**Records for this exercise**
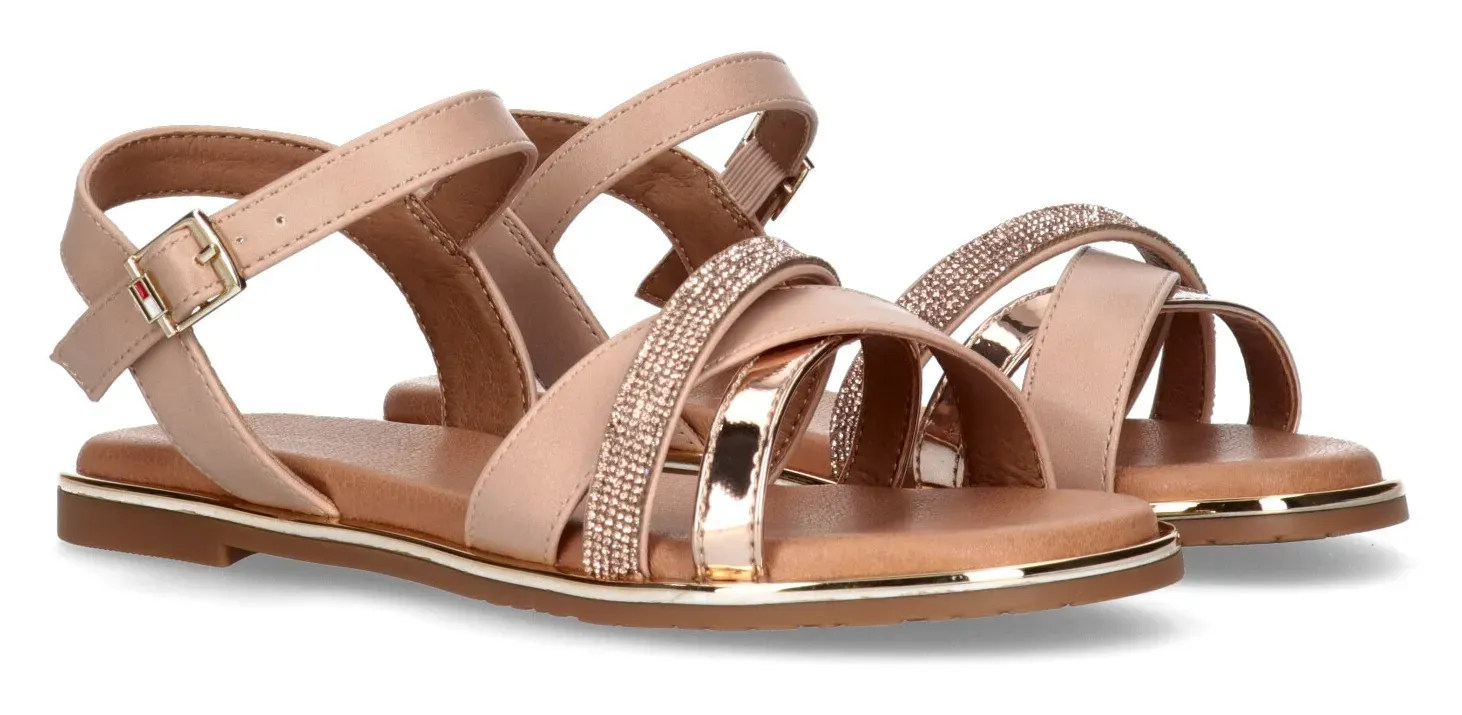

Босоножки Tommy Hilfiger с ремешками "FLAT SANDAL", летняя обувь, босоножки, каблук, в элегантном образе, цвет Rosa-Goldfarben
...
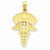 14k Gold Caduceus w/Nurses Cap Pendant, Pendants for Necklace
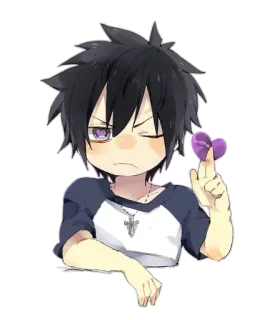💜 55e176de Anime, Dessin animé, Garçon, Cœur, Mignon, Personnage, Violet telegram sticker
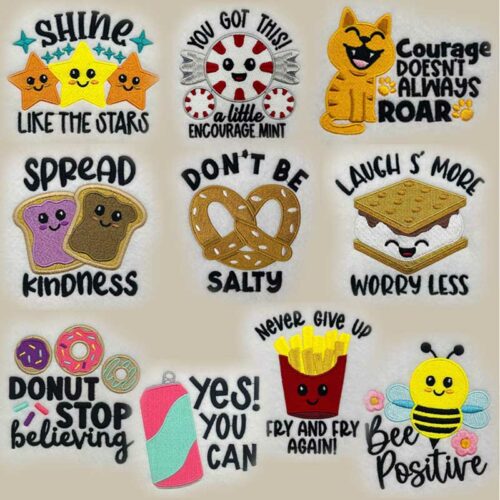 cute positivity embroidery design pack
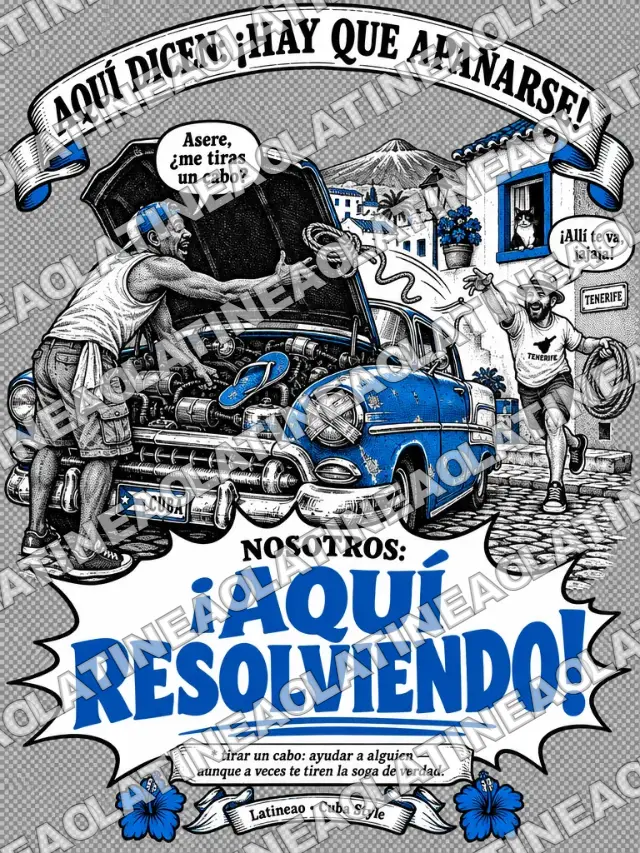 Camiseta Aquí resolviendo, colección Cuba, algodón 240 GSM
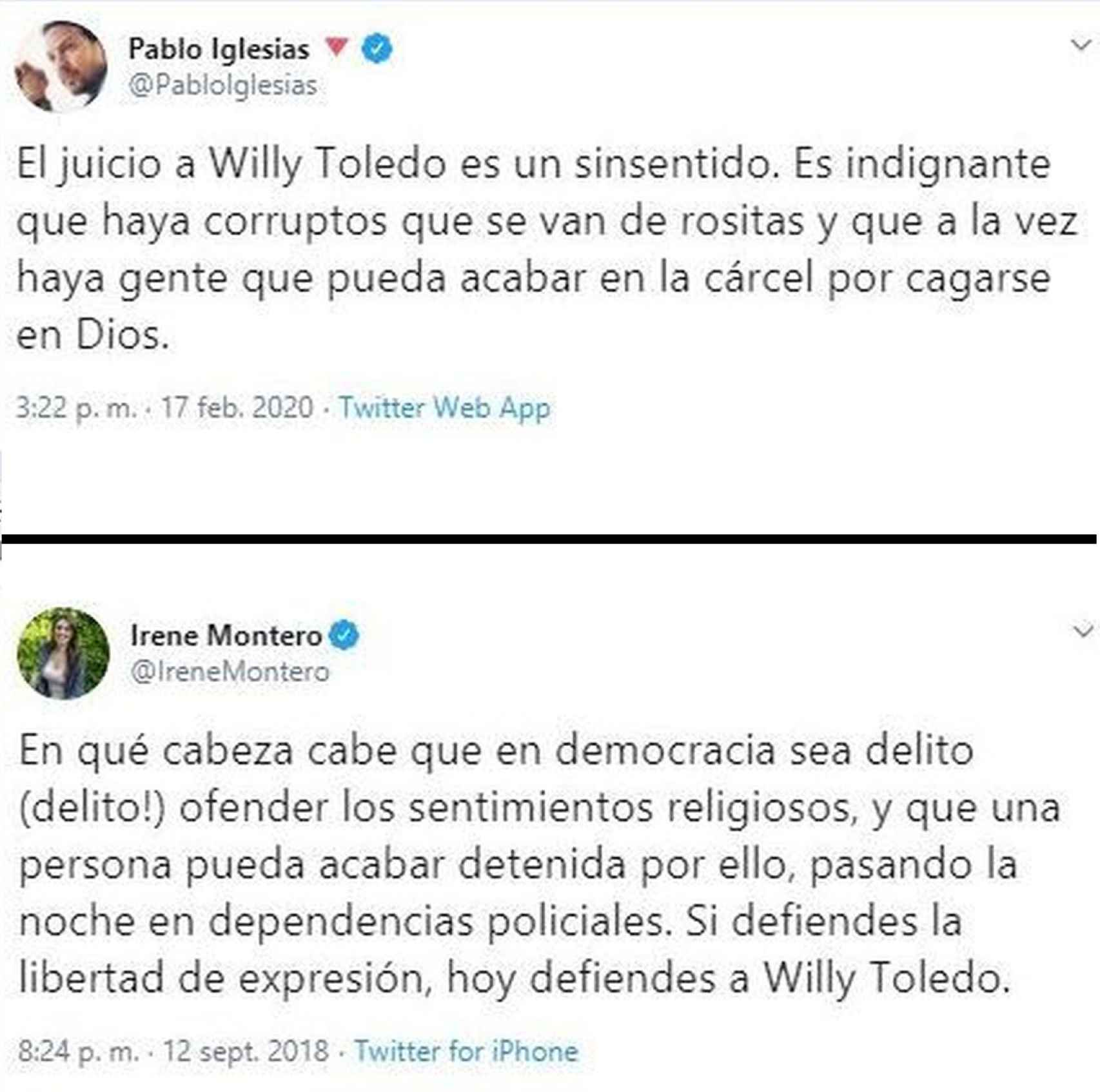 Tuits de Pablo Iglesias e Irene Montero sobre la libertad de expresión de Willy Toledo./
---
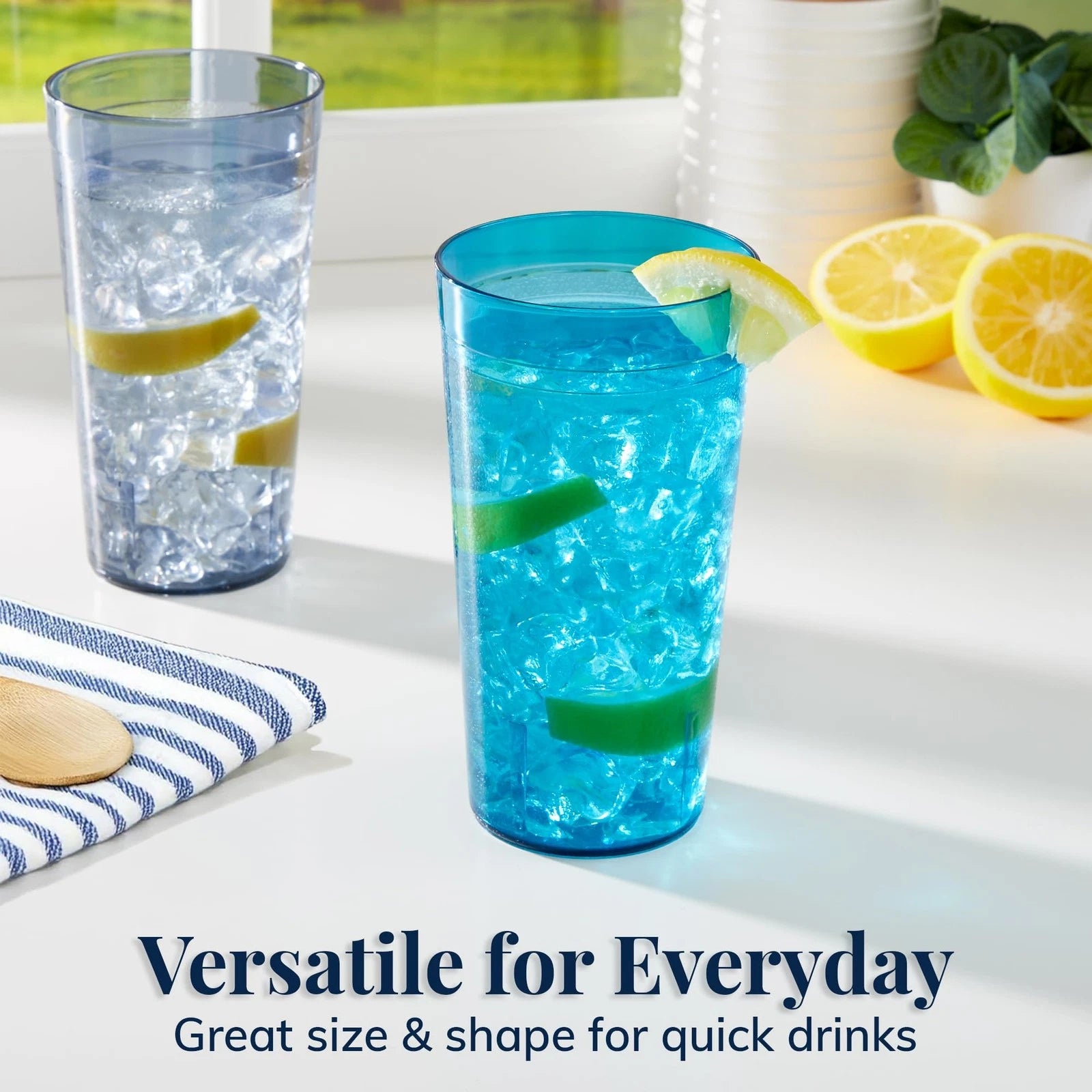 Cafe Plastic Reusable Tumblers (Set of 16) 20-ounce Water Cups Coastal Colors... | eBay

**Exercise requirements**
Taking the records above, print only and exactly the lines from the line with "14k Gold Caduceus" to the line with "Tuits de Pablo", both kept, and exclude pictures.

**Task answer**
 14k Gold Caduceus w/Nurses Cap Pendant, Pendants for Necklace
💜 55e176de Anime, Dessin animé, Garçon, Cœur, Mignon, Personnage, Violet telegram sticker
 cute positivity embroidery design pack
 Camiseta Aquí resolviendo, colección Cuba, algodón 240 GSM
 Tuits de Pablo Iglesias e Irene Montero sobre la libertad de expresión de Willy Toledo./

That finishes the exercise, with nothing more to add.